Whistleblower Policy

Directors or employees with a reasonable belief that an employee of the Company, or the Company, has violated this Code of Conduct or engaged in any fraudulent acts or any action that violates any applicable law or regulation, including those concerning accounting and auditing, should immediately report such information to the Compliance Officer or the Internal Auditor. If the employee does not feel comfortable reporting the information to the Compliance Officer or the Internal Auditor, he or she should report the matter on the Company’s toll-free confidential hotline: 1-800-249-5360. All calls received on the hotline are recorded by a third-party vendor and transcripts of calls are forwarded to the Company for review and/or investigation. No live operator is used by the hotline in receiving calls. Under this Code of Conduct, it is a disciplinary issue for an employee to know of a Code of Conduct violation and stay silent.

All reports of violations or suspected violations will be reviewed and further investigated, as appropriate. The Company will strive to keep the identity of the complaining individual confidential to the extent possible, consistent with the need to conduct an adequate investigation of matters reported on the hotline.
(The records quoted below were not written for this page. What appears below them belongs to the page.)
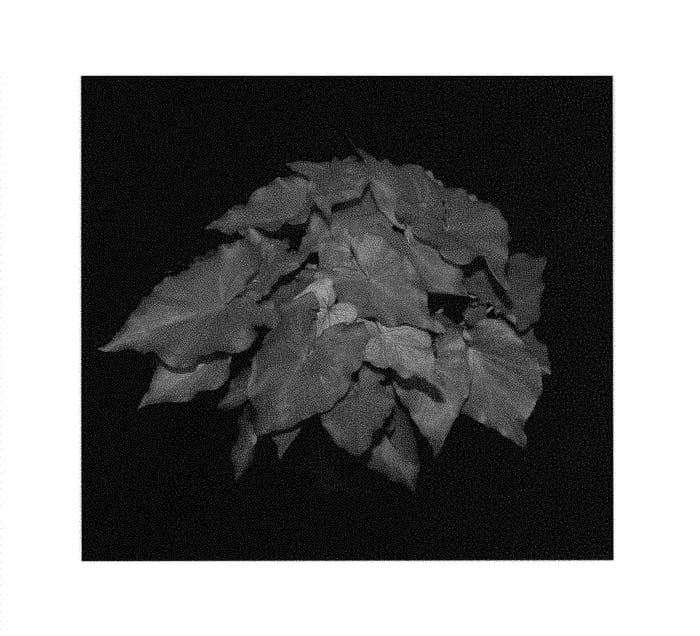 Figure 1 of US plant patent PP31276, the photograph of RSL 2321-469 printed in the patent.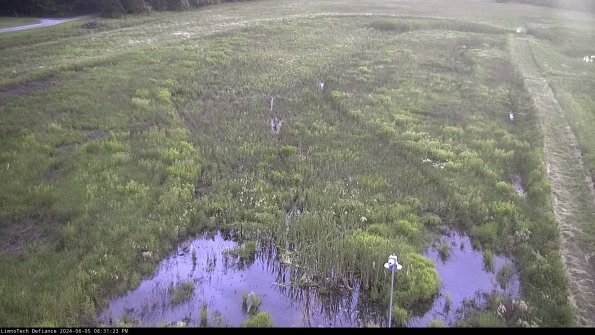 Cell 1_24-06-05_20-31-24-33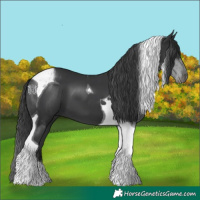 Horse Color:Black Tobiano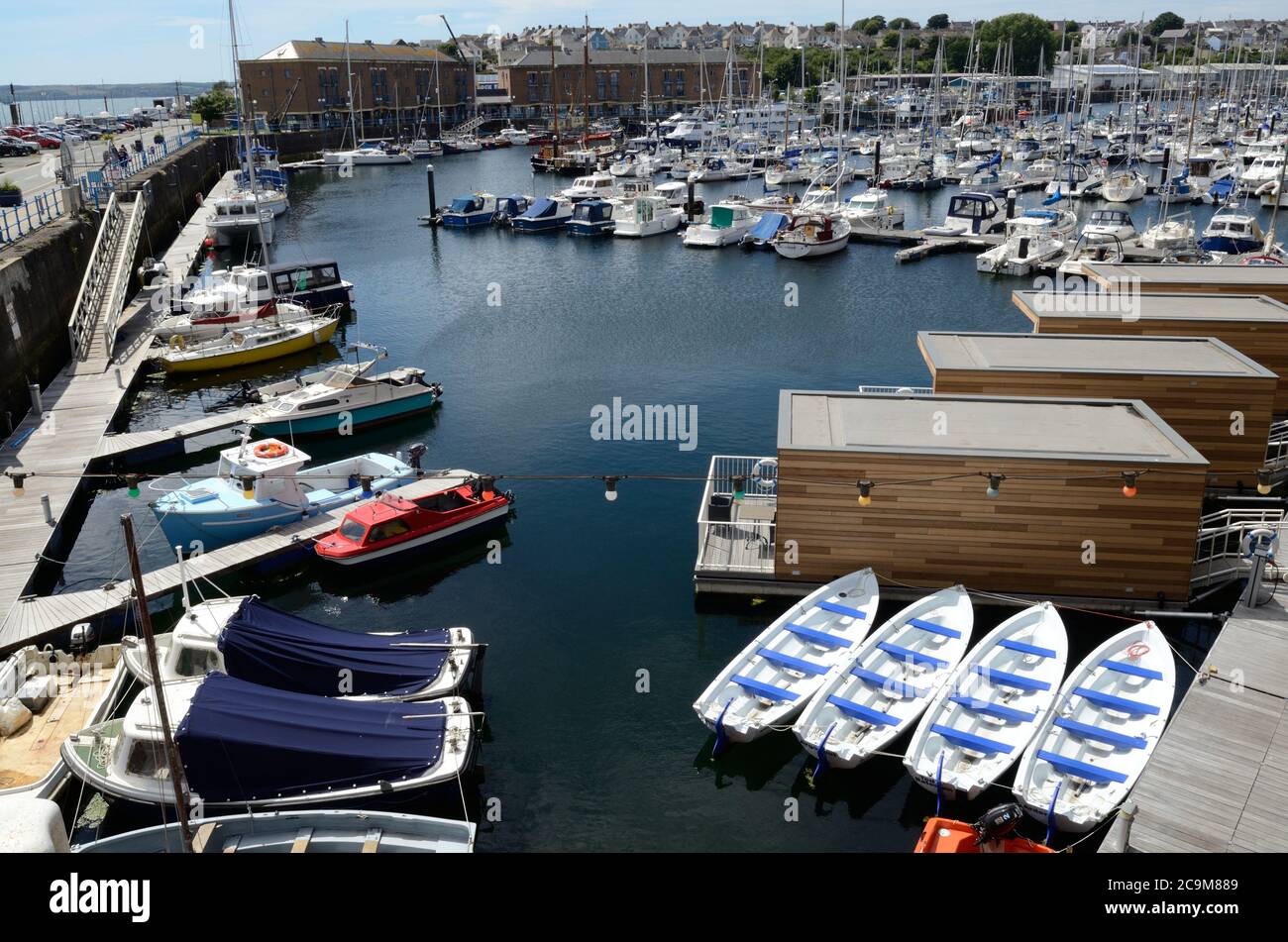 Boats moored at Milford Haven Marina Pembrokeshire Wales UK Stock Photo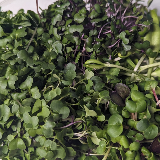 microgreens - Scrumptious Sampler 3.5 each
No person who in good faith reports a violation of any applicable laws, rules, regulations or this Code of Conduct shall suffer harassment, retaliation or an adverse employment consequence. An employee who retaliates against someone who has reported a violation in good faith is subject to discipline up to and including termination of employment. This policy is intended to encourage and enable employees and others to raise serious concerns within the Company prior to seeking resolution outside the organization.

Code of Conduct - Adopted by WGL Holdings, Inc. and Washington Gas Boards of Directors - December 2003. Amended and restated: September 2005; September 2008; September 23, 2009; September 26, 2012 and September 25, 2013.